**Data for this task**
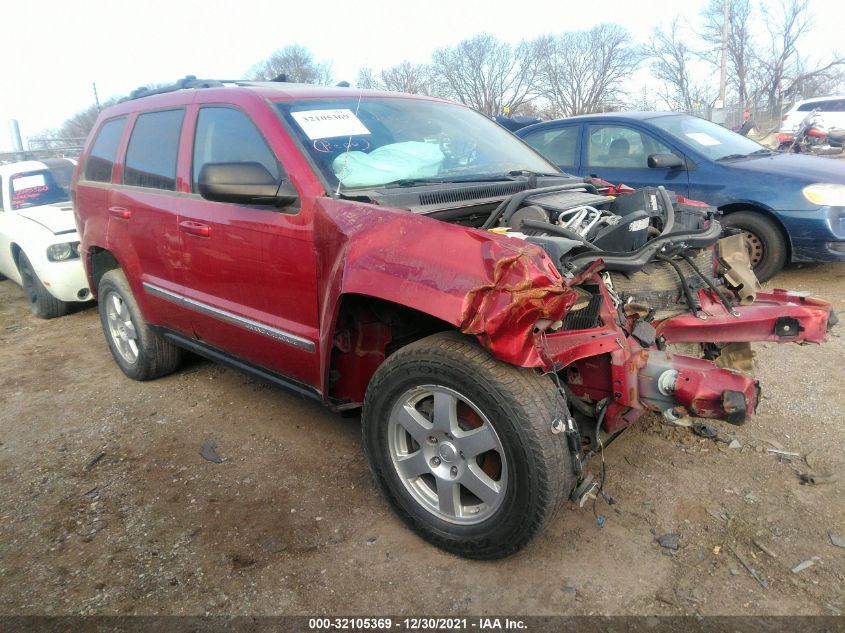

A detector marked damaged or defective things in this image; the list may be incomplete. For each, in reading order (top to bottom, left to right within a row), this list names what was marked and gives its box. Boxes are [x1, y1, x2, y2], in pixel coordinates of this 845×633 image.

damaged white vehicle [0, 158, 91, 316]
crushed hood [15, 202, 77, 235]
damaged front end [462, 178, 832, 434]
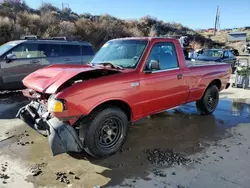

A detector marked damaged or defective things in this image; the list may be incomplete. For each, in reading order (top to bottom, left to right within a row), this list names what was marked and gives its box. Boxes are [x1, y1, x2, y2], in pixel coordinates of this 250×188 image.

crumpled hood [23, 64, 103, 93]
damaged front end [16, 90, 83, 155]
broken front bumper [16, 103, 83, 156]
detached bumper piece [16, 103, 83, 156]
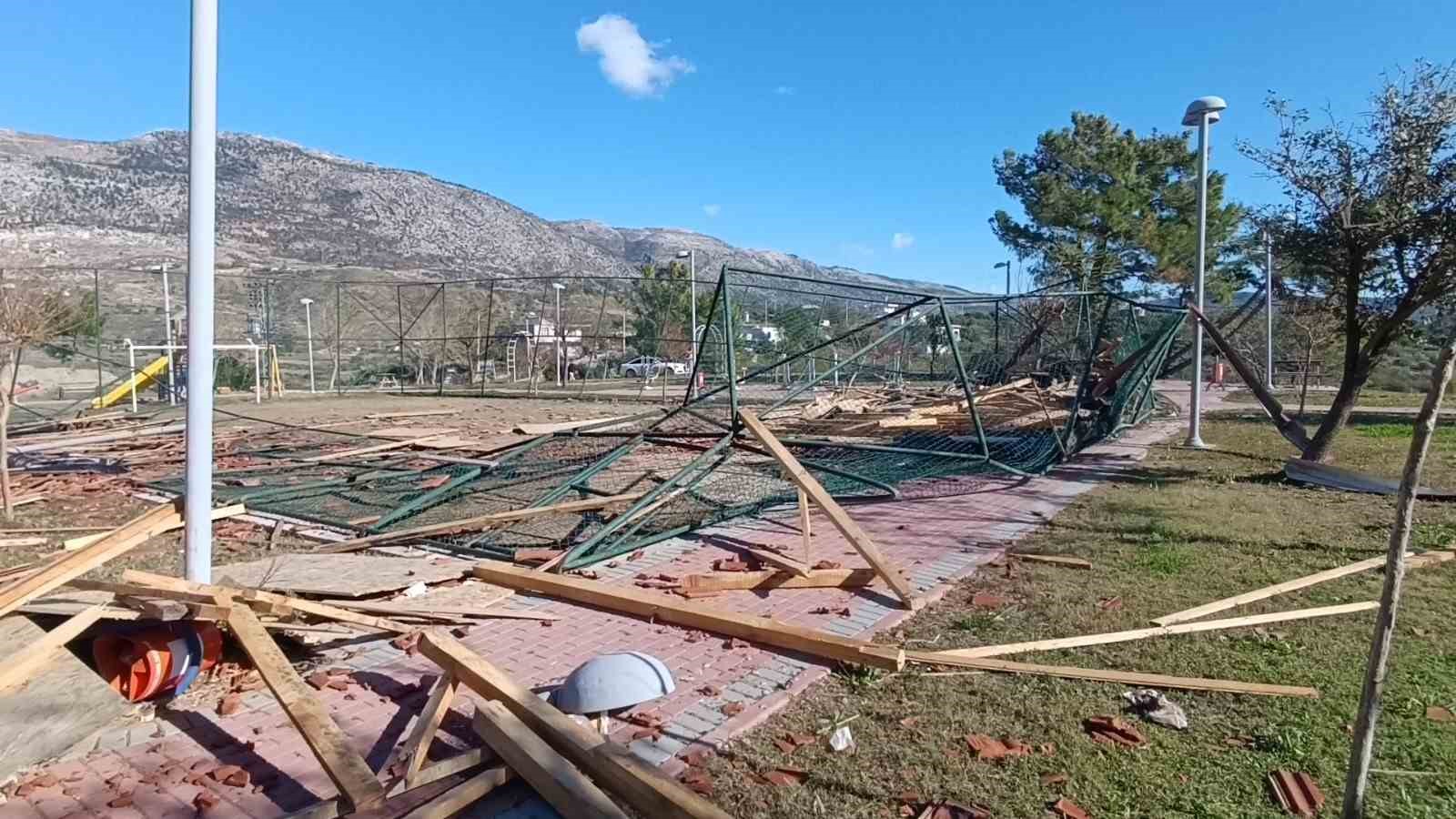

**Problem to work on**
Although the records contain pictures, transcribe only their text, exactly as written.

**Task solution**
A detector marked damaged or defective things in this image; the list may be incomplete. For each, in reading order (top to bottom, left to right within a row), this list names what was marked and gives its box. Boxes are [x1, y1, x2, y2], in pixel coordinates of this 845×633 image.

damaged white vehicle [0, 158, 91, 316]
crushed hood [15, 202, 77, 235]
damaged front end [462, 178, 832, 434]

A detector marked damaged or defective things in this image; the list may be incomplete. For each, in reading order (top to bottom, left to right within a row), this list names what was marked and gives its box. Boxes are [x1, y1, x2, y2], in pixel coordinates of this 250×188 image.

crumpled hood [23, 64, 103, 93]
damaged front end [16, 90, 83, 155]
broken front bumper [16, 103, 83, 156]
detached bumper piece [16, 103, 83, 156]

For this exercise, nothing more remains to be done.